When Britain’s Prime Minister Theresa May stepped out onto Downing Street on April 18 to call a snap election for June 8, no one expected it. Since becoming prime minister in July 2016 after David Cameron’s sudden resignation, she had made clear, on six separate occasions, that she would not call one. It was obvious, she insisted, that Britain’s departure from the European Union required stability, a spell free from the demands and distractions of an election campaign when “the will of the British people” could be fulfilled. [...]
Since taking office 10 months ago, May has forged her name as a fearsome, authoritative leader, adored by the tabloids for taking on the Brexit beacon with glee—“Brexit means Brexit,” she famously declared. She pandered to an older sense of British identity, played up the Margaret Thatcher comparisons, and drove the party to the right, hoovering up UKIP support in the process. These weren’t just tactics: The cheap xenophobia seemed to come naturally. “If you believe you’re a citizen of the world, you’re a citizen of nowhere,” she said to cheers. Nigel Farage and Marine Le Pen accused her of stealing their ideas. But despite her divisive drive to cut immigration and reject any responsibility for refugees, she was still heralded as a “unity” figure who would guide Britain through the roiling waters of EU negotiations. [...]
But then suddenly things began unravelling. And how. It started with what many saw as her first campaign policy: an absurd declaration to bring back fox-hunting, revoking a ban on foxes being devoured by dogs that eight out of 10 Brits were said to support keeping in place. Soon followed a U-turn on an unpopular manifesto pledge, dubbed the “Dementia Tax.” The plan was to make seniors pay means-tested contributions towards their own social care—not entirely unreasonable—but without any cap on how much they might have to spend. May swiftly backtracked on the latter part, vaguely alluding to the fact that a cap would be introduced. The press lapped it up: It was framed as the first time a party had reversed on a manifesto policy before an election. [...]

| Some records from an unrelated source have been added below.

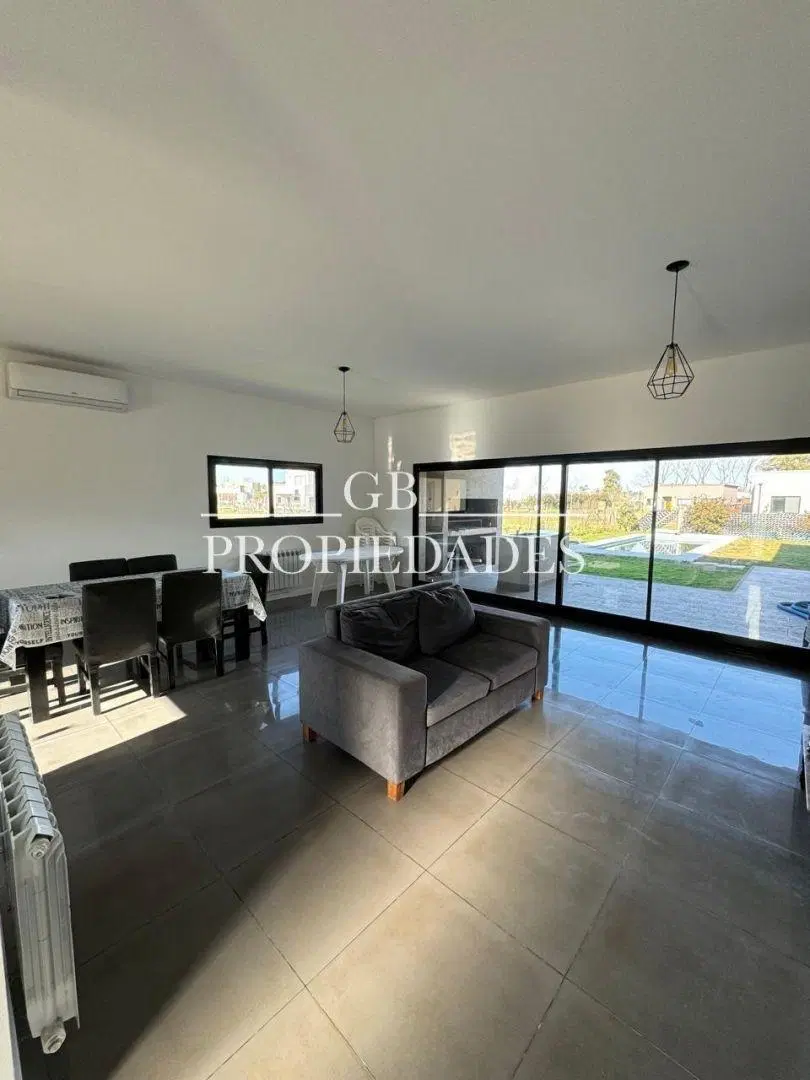 Venta de Casa 4 AMBIENTES en Pilar del Este / San Ramón 3
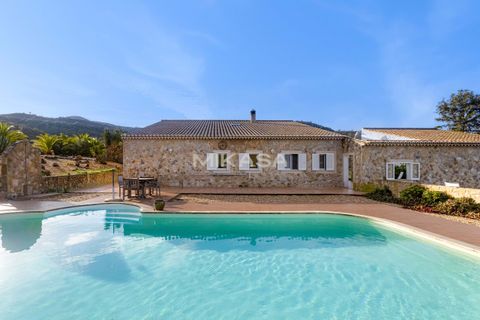 Villa i Aljezur, Faro, Aljezur - € 1.270.000 | Ref: M176 - foto 1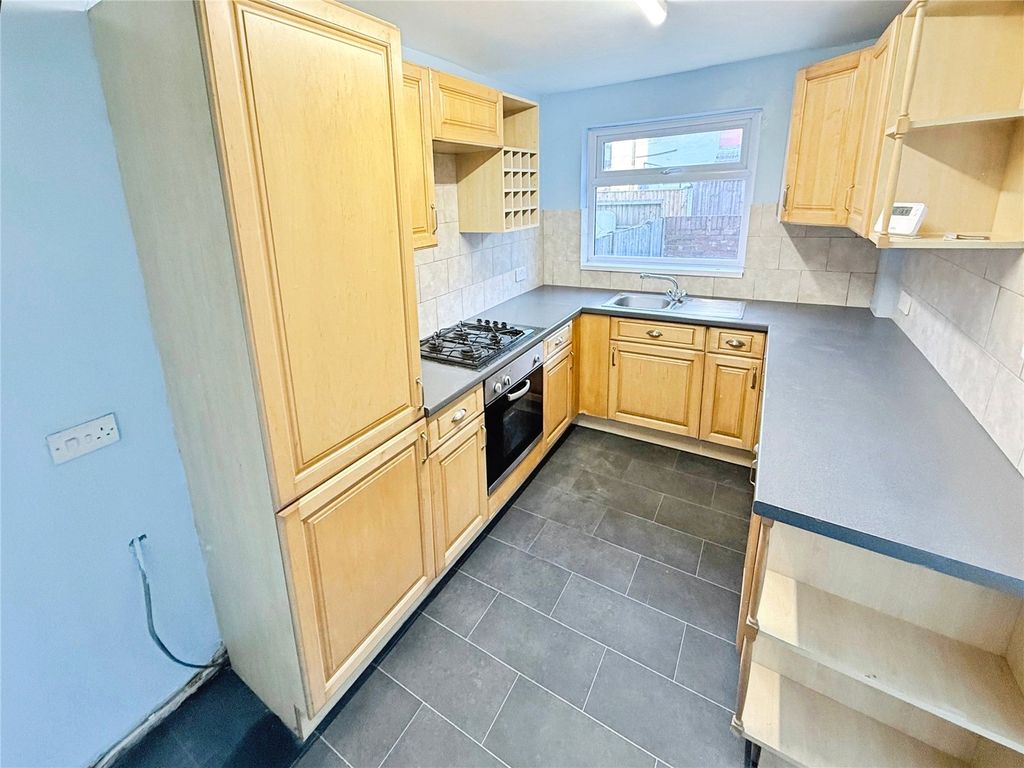 Property photo 2 of 8 Kitchen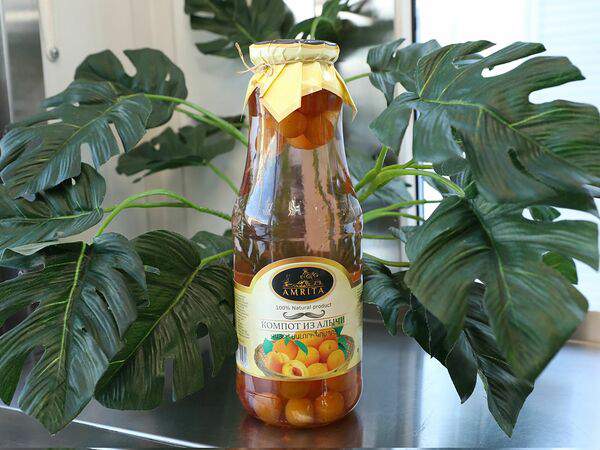 Донер 1 - Компот из алычи Амрита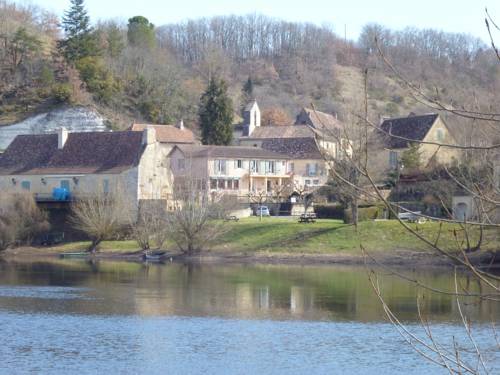 Hôtel-Restaurant Côté Rivage : Hotels proche de Badefols-sur-Dordogne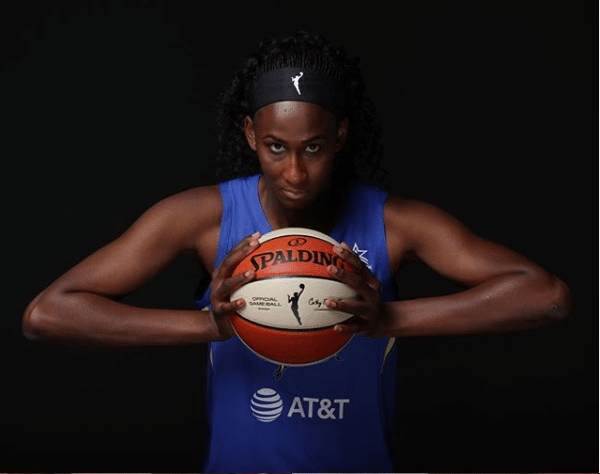 Violences policières aux Etats-Unis : les témoignages poignants d'Astou Ndour, basketteuse espagnole d'origine sénégalaise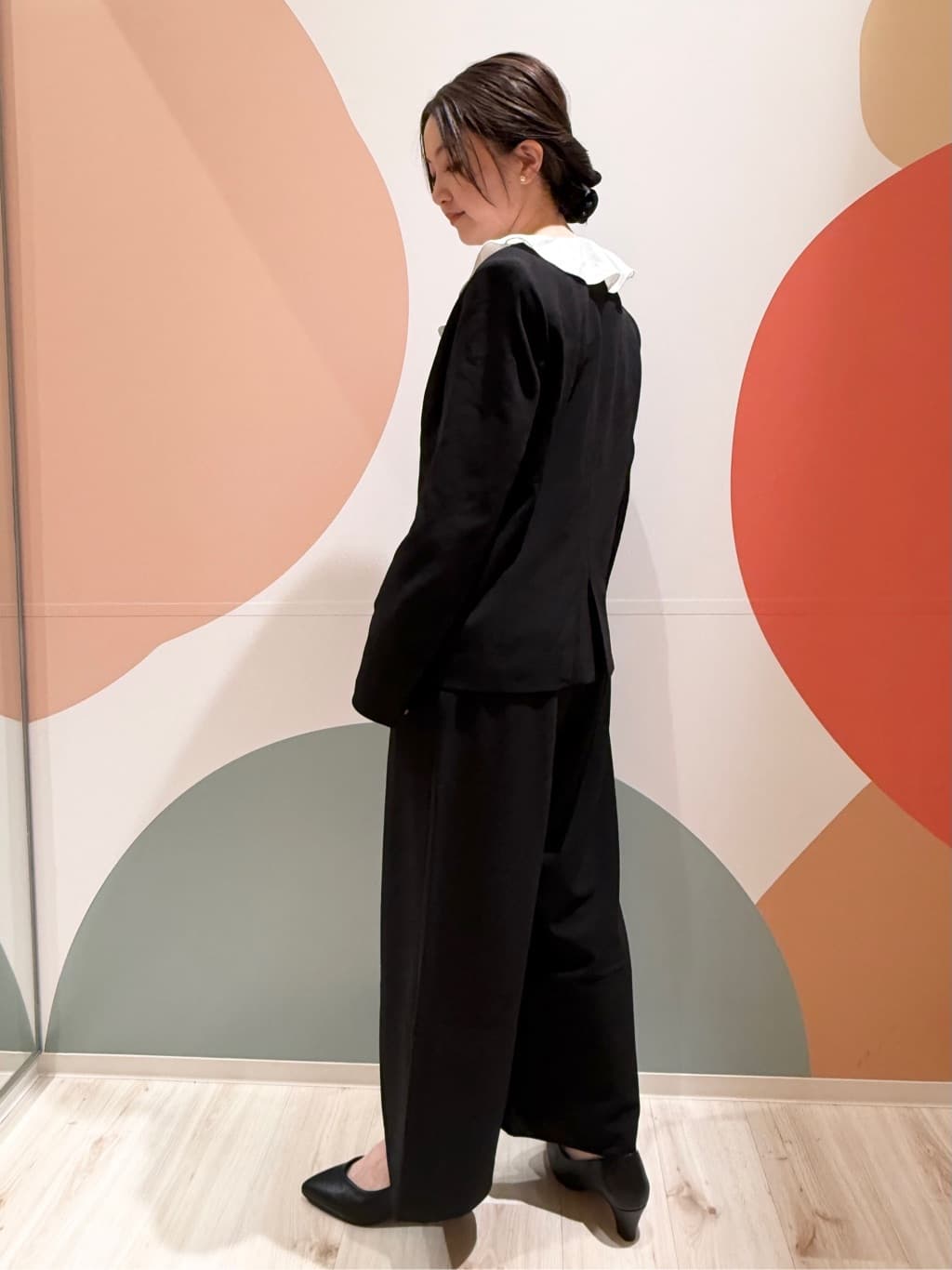 長女さんの「SHOO･LA･RUE｜【洗濯機可/セットアップ可/S-3L】きちんと楽に。カットジョーゼットノーカラージャケット」を使ったコーディネート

The beauty of May’s meaningless aphorisms is that Brexit can then be used to justify virtually anything. After initially avoiding calling an election because of Brexit, and then going ahead and calling an election because of Brexit, May now says she can’t campaign because of, well, Brexit. So when Corbyn challenged her to a televised leadership debate, hardly an unusual demand in a democracy, Theresa May said no, sneering that “he ought to be paying more attention to thinking about Brexit negotiations than appearing on television—that’s what I’m doing.”